===== Source material =====
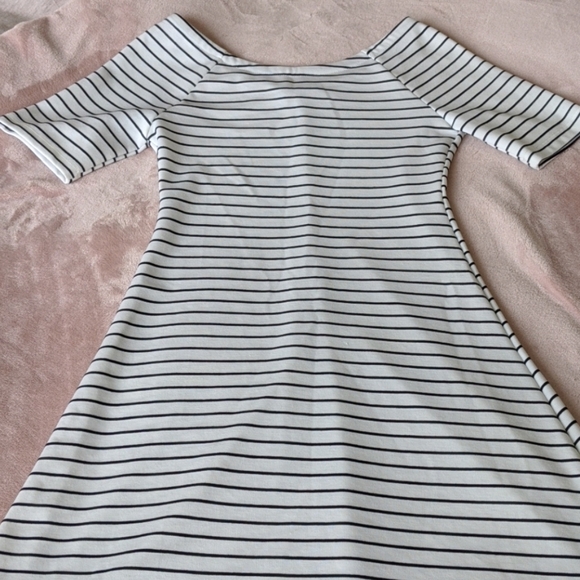 Zara Dress - Picture 2 of 4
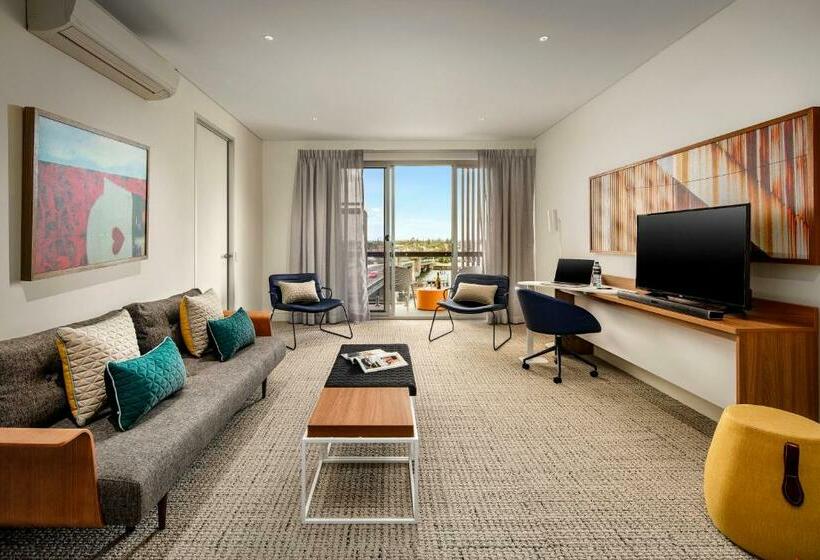 آپارتمان 2 خوابه با بالکن, Quest Port Adelaide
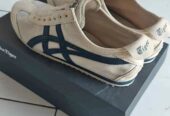 Sepatu onitsuka tiger masih bagus ukuran 39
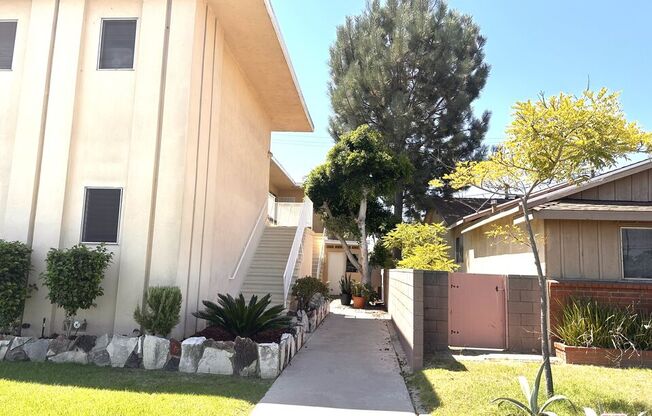 5411 S CENTINELA AVE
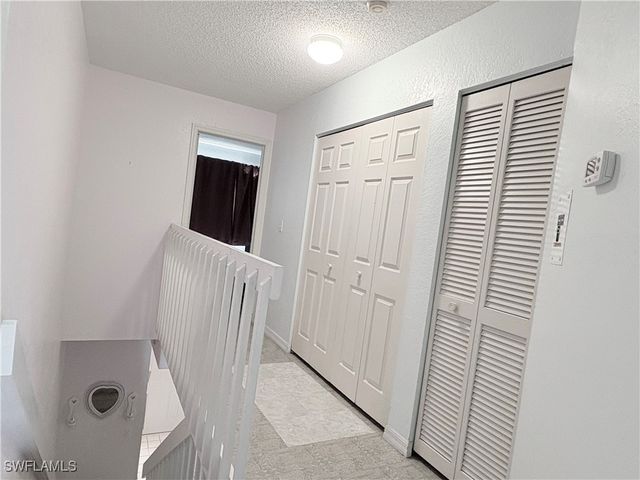 1096 Woodshire LN C205, Naples, FL 34105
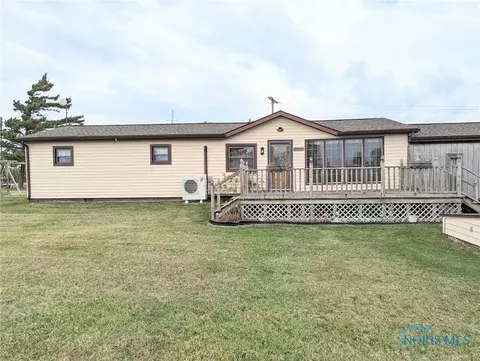 9081 Anderson St, Mark Center, OH 43536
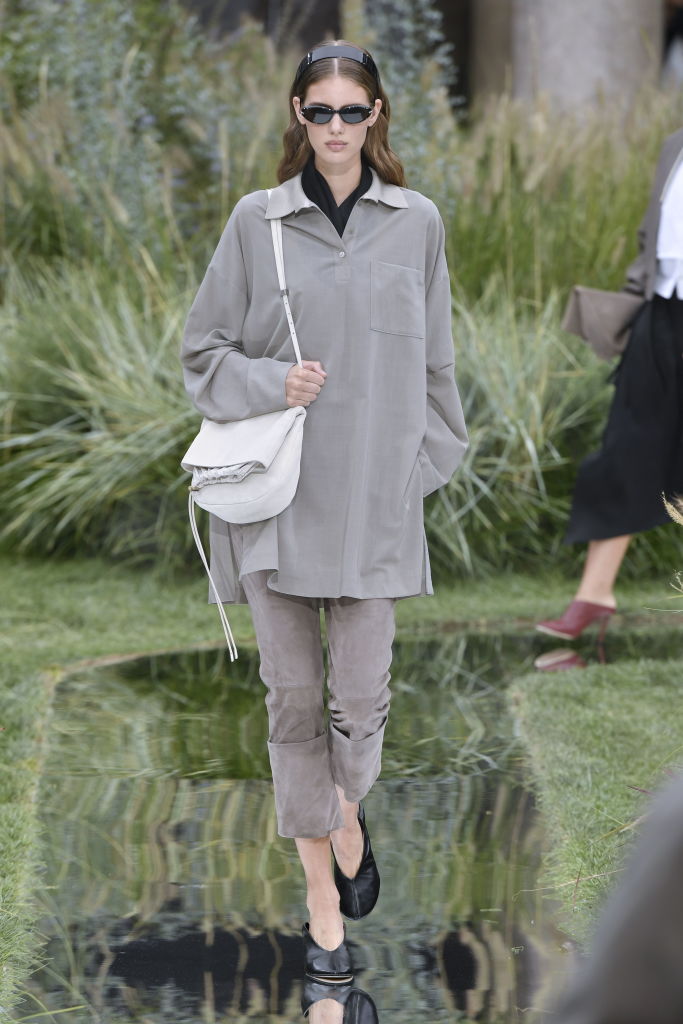 Boss – Runway – Spring/Summer 2025 Milan Fashion Week A Boss apresentou o cinza em looks monocromáticos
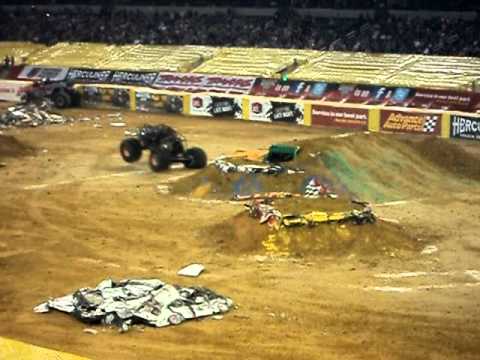 Monster Jam 2011 @ cowboys stadium Maximum destruction grand finally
=====
Problem: One exact copy of the data is required, and it should hold no pictures.

Answer to the problem:
 Zara Dress - Picture 2 of 4
 آپارتمان 2 خوابه با بالکن, Quest Port Adelaide
 Sepatu onitsuka tiger masih bagus ukuran 39
 5411 S CENTINELA AVE
 1096 Woodshire LN C205, Naples, FL 34105
 9081 Anderson St, Mark Center, OH 43536
 Boss – Runway – Spring/Summer 2025 Milan Fashion Week A Boss apresentou o cinza em looks monocromáticos
 Monster Jam 2011 @ cowboys stadium Maximum destruction grand finally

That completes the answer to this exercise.